# Found unwanted pigeon in PA, adoption?



## mbodamer (Jun 16, 2014)

Hello,
I found a pigeon in eastern PA and contacted the organization on the band. They were extremely helpful initially and provided the registered owner contact info. I have tried repeatedly for days to contact the owner and he does not reply to numerous messages. I have read that some owners simply write off any birds that do not return. I re-contacted the organization on the band and told them what transpired and their only advice was to let the bird recuperate for a few days and then let it loose. I am afraid to do this because I do not want to turn it loose and then it cannot fend for itself. I think it would be neat to have a pigeon that will fly away and come back but I wasn't really setup to house a pigeon.

Can anyone offer any advice. I made a quick loft for it and I have been feeding it normal bird seed for the past few days and making sure it had fresh water. The first day it was very lethargic but it seems to have recovered well and is very active now.

I would prefer to find this bird a suitable home with someone who is experienced in care for pigeons. Is there pigeon adoptions? I contacted all the local animal rescues and noone is willing to take it. They all tell me to just let it go free.

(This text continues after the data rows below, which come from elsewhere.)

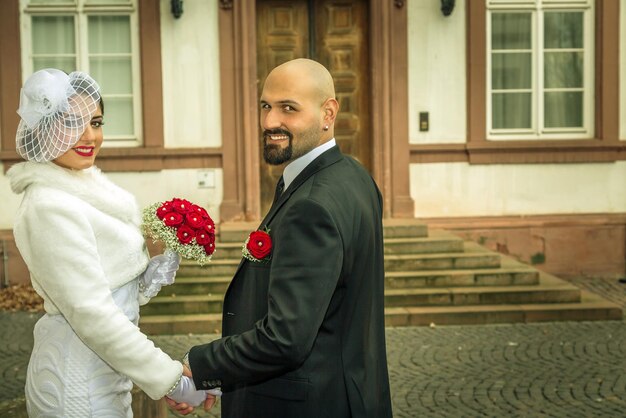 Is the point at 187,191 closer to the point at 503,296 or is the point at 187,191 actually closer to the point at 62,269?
the point at 503,296

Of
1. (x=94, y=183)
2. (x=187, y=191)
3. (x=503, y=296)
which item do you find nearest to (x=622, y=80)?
(x=503, y=296)

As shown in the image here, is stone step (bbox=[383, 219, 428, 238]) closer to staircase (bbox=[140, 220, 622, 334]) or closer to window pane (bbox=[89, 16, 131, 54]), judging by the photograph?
staircase (bbox=[140, 220, 622, 334])

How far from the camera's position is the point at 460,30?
11.5 m

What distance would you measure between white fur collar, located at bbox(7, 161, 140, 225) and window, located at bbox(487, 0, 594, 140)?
8917 millimetres

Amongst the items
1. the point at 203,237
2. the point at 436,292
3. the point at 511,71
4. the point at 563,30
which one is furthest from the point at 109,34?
the point at 203,237

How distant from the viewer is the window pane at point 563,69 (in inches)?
468


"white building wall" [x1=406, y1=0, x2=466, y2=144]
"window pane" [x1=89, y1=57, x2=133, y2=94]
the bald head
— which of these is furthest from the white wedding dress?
"white building wall" [x1=406, y1=0, x2=466, y2=144]

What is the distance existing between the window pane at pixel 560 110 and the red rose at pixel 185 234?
919cm

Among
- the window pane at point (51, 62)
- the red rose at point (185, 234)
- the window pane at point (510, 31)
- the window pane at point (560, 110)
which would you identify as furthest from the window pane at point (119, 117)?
the red rose at point (185, 234)

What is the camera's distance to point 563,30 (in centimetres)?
1187

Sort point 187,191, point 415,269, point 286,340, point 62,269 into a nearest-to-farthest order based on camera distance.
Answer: point 286,340, point 62,269, point 415,269, point 187,191

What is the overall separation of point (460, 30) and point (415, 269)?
320 centimetres

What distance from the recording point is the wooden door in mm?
11531

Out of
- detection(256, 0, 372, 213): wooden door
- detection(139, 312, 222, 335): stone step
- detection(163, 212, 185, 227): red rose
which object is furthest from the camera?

Am I being unreasonable that it won't survive by itself? 

Thanks for any advice.
Mike


----------



## Skyeking (Jan 17, 2003)

*Thank you for helping this bird.

I don't think you are being unreasonable at all. The bird may be sick or was just starved, but I think it is "iffy" to just release him, unless they live real close by.
The bird still may have some issues going on and it is too soon to release.

A lot of times, the owners have moved, or the bird has gotten a new home and information hasn't been updated. They try to be helpful, but there are some owners who are not responsible.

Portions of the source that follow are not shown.